By Dr. Gerald Deskin, Ph.D.
The most difficult child to deal with is the child who is defiant, angry and oppositional. You will know if you have one because this child may have temper tantrums, argues with almost every request, is demanding, and refuses to follows parent's orders. This behavior may show itself both at school and at home, or just at home. The child doesn't accept parental authority, but sees himself as equal or above his parents or teacher. These children have what is called an Oppositional Defiant Disorder or ODD.
What makes matters worse is that most of the usual methods of discipline do not work.
Whatever parents try, whether it is spanking, depriving them of their favorite toys, or putting them in their rooms, these children are defiant and uncooperative. These children, often called Explosive Children seem to have a need to control their parents rather than accepting control, often right from birth.

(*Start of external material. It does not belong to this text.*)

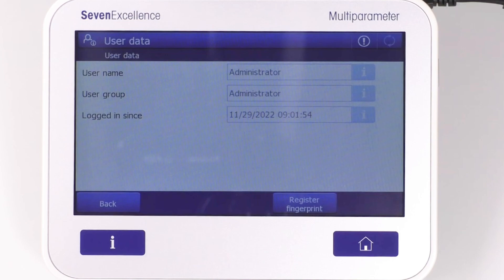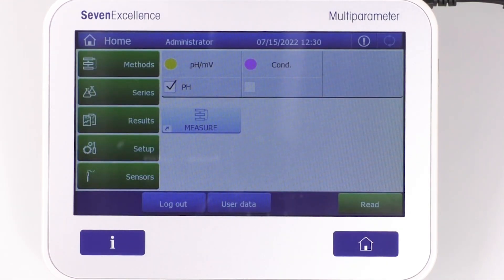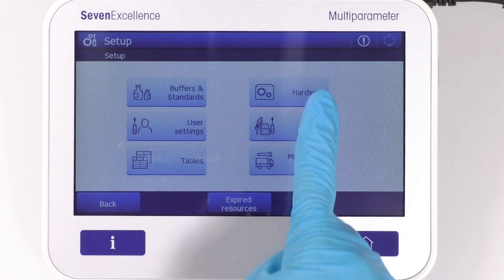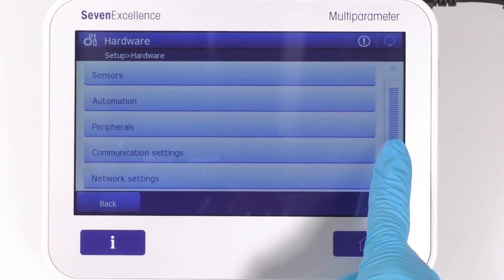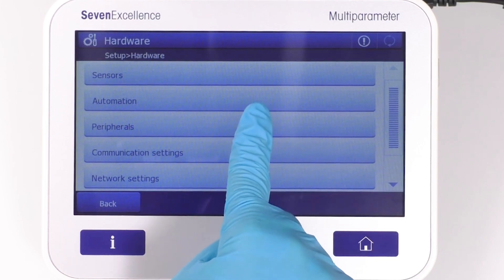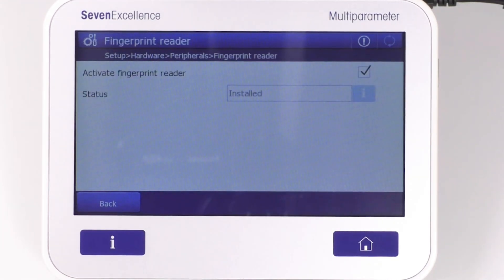It is also possible to register your fingerprint. However, before doing so, let's come back to Setup, then Hardware, then Peripherals, then Fingerprint Reader, to check if the fingerprint reader option is activated.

The problem often coexists with other problems such as an Attention Deficit Hyperactivity Disorder or ADHD. Sometimes the problem seems to begin at birth. With other children it is triggered by a family problem such as divorce or some major change in the family.
What parents need to know is that this is not just having a difficult child, but a definite disorder that needs to be treated. For example, rather than just being seen as difficult these children have a rigid oppositional way of responding that not only disturbs parents, but leads to problems for the children themselves. If the following suggestions do not work, you may need to see a child counselor or child psychologist for additional help.
Parents can learn to cope by not falling into the child's trap. If you tell a defiant child what to do you are about to begin an argument. If you give them alternatives, such as, "When your homework is done you can watch TV," or "When you clean up your room you can go to the movies," there is less chance of an argument. Remember to not lose your "cool." Don't argue; just tell your child what the rules and limits are. Your child will try to get you into an argument, but avoid this trap. The rule is not to be dragged into an argument, since this is what the child wants.
Decide what is really important to you. These children want to win, so let them win in some minor areas, while making sure you win what is most important to you. Since ODD children want to be in charge, let them be in charge in certain areas. You be in charge in the areas that are most important to you.
As hard as it is remember that these are children who need love and acceptance as much as any child. Praise your child when you can appropriately do so. Let your child know that as much as you disagree with his behavior, you still love him.
What else works, depends on each child. Professional counselors or psychologists may help both parents and child to deal with these problems. Medication in certain situations also may be effective. Some children learn to modify their behavior and become less abrasive as they get older and more mature. Some children seem to retain a negative personality pattern for a long period of time.
Suggestions for Parents:
1. Try to control your behavior when dealing with an ODD child.
2. When all your attempts at working with your child fail, seek professional help.